New CFP Board commission on ethics rules has some advisors scratching heads

The CFP Board has created a new commission composed of top industry executives to teach CFPs about the nuances of its new ethics rules — prompting expressions of both support and confusion from advisors.

After a two-and-a-half-year process, the board this year adopted a heightened fiduciary standard, requiring all CFPs to act in their clients' best interest at all times when providing financial advice.

The new ethics rules and standards of conduct go into effect in October 2019.

The "when providing financial advice" condition leaves in place a loophole that, critics believe, permits the abuse of clients through the commission sales of investment products.

More broadly, that wiggle room has left many CFPs with questions about how to comply with the new standards.

Photo by Scott Wenger

The 13 members of the standards resource commission include prominent lawyers, consumer advocates and executives from large firms such as Federated Investors, Fidelity, Northwestern Mutual and Raymond James. Together they will help update materials to explain to CFPs how to comply with the new rules, the board's CEO Kevin Keller says in a video.

"The new rules are confusing people and this commission looks great to me," says Sheryl Garrett, one of the country's best-known fiduciary advocates and founder of the Garrett Planning Network, who says the commission will serve an important need.

"We've got the folks representing the end-user client's experience, the compliance and procedures experts, as well as many current and former practitioners."

However, some CFPs questioned why the board needed such a body at all.

"I don't think they are going to need another dozen people to explain to me what they already have been explaining to me," says CFP Delia Fernandez, of Fernandez Financial Advisory, a fee-only firm in Los Alamitos, California.

"There must be a bigger reason," says Fernandez, who says she wonders if the main purpose of the commission is to bolster the board's own reputation through affiliation with well-known names, as opposed to promoting the rule changes.

Board spokesman Dan Drummond pushed back against that characterization: "That speculation is unfounded and false. This blue-ribbon panel will provide valuable input that will benefit CFP professionals and the public."

While traveling around the country, CFPs told Keller they want guidance about the new standard, he says in the video.

"Our goal at CFP Board is to help certificants comply with the ethical obligations of CFP certification, not to take action against alleged violations of our standards," he says. "That's why we are committed to educating CFP professionals about the revised standards. To that end, we are forming the standards resource commission,” he says, adding it will update existing resources including the disclosure guide, checklists and FAQs."

It also will help create "videos, webinars and guidance on various scenarios a CFP professional might encounter," Keller adds.

For some fee-only planners, the discussion of "scenarios" — many of which involve the sale of commission products — distracts from the goal of serving clients with holistic planning.

"I guess I don't see the whole need for all of it," Sandra Field, a CFP and fee-only planner with Asset Planning in Cypress, California, says of the commission and the perspectives of its different members. "It makes me embarrassed for my profession that we have to spell it out like this that we will not steal [from] and cheat our clients."

"I really hope that my dues did not go to reinstating, 'Just do unto others as you would have them do unto you.’” she adds.

A recent study by the Institute for the Fiduciary Standard found that 85% of the country's more than 80,000 CFPs are brokers who take some commission income.
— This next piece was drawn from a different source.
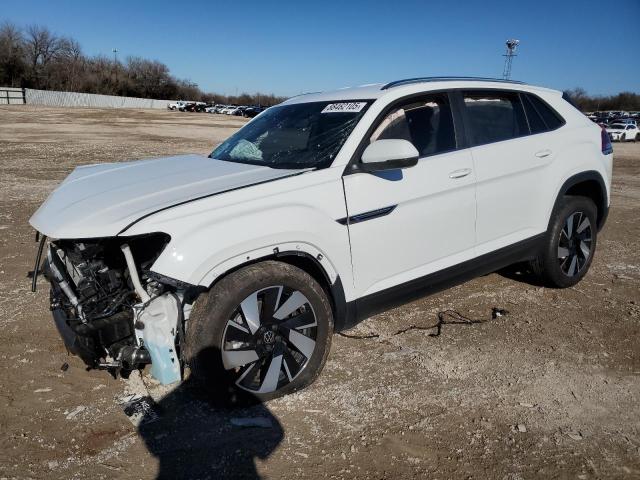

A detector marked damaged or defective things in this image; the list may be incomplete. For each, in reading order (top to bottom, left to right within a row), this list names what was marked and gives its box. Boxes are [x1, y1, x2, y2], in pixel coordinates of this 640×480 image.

damaged front end [37, 232, 195, 386]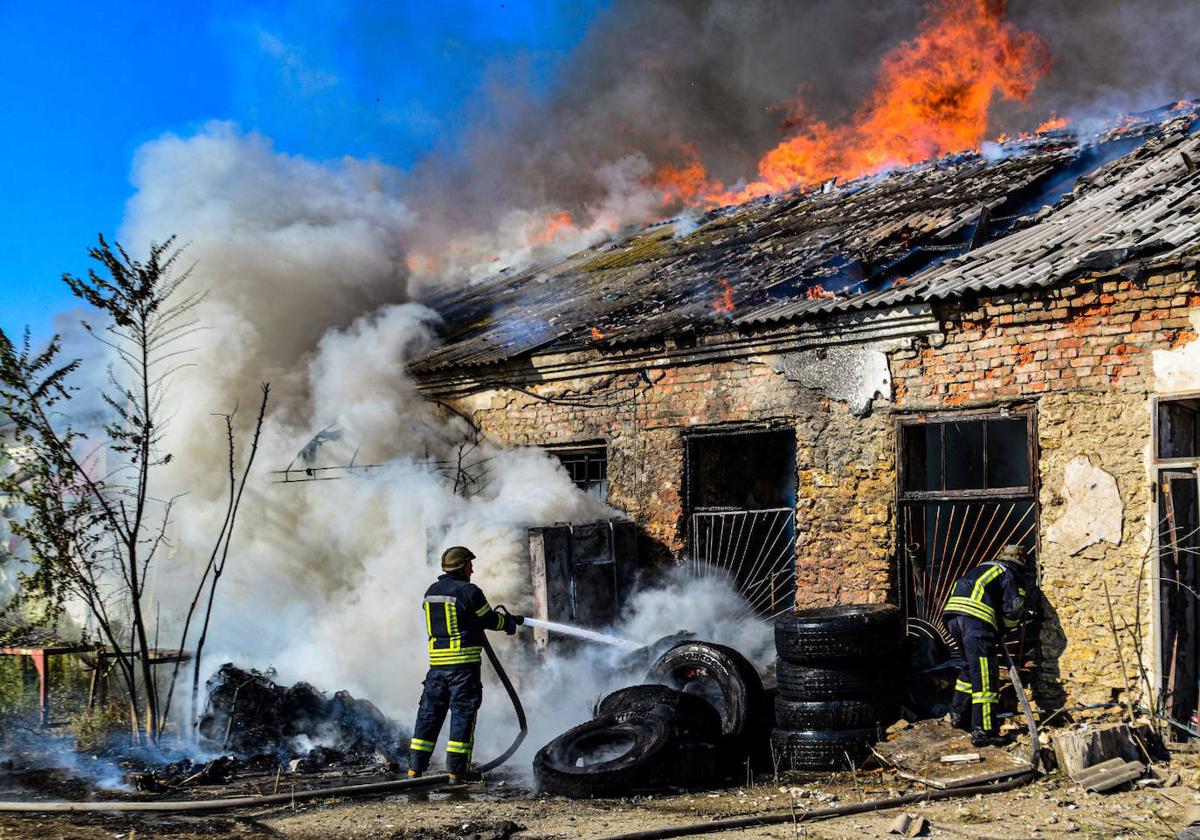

Only 15% are fee-only planners.

Commissions pose a well-known conflict-of-interest risk for advisors, who can be tempted to place the lure of that income over their clients' best financial interest.

While the board tells the public — as Keller puts it in the video — that "our high ethical standards distinguish CFP certification" from other players in the financial services industry, nowhere does the board warn the public about the potential risks posed by brokers' commission income.

As a result, over the years, critics have accused the board of perpetuating a fraud on the public.

"There are conflicts of interest associated with every compensation structure," Drummond emailed in response to this allegation. "CFP professionals have a wide-variety of compensation models for their services, including fee-only, fee and commission and commission-only. The CFP Board is compensation and business model neutral. What is important is for financial planners to place their clients' interests first, fully disclose material conflicts of interest, obtain informed consent and properly manage the conflict."

Commissioners include former CFP Board Chairman Blaine Aikin, a fiduciary consultant to wirehouses; former NAPFA head and current CFP Board director Linda Leitz; Pat Daxon, a Raymond James vice president; lawyer Fred Reish of Drinker, Biddle & Reath; Peter Richardson, the assistant general counsel at Northwestern Mutual; and Kevin Ruth, head of wealth management at Fidelity Investments.

One of the new commissioners, Randy Gardner, a CFP in Laguna Beach, California, says he's not sure what the work will entail because the board has yet to let him know.

"They asked me to be involved. They told me it's about the fiduciary standard, something I feel strongly about," Gardner says, adding that was enough for him to sign on.

In questioning the impetus for the commission, Fernandez says she'd just like to understand its true goal.

"Maybe this is really trying to impress upon the industry what a real code of ethics should be," she says. "There certainly has been room for interpretation."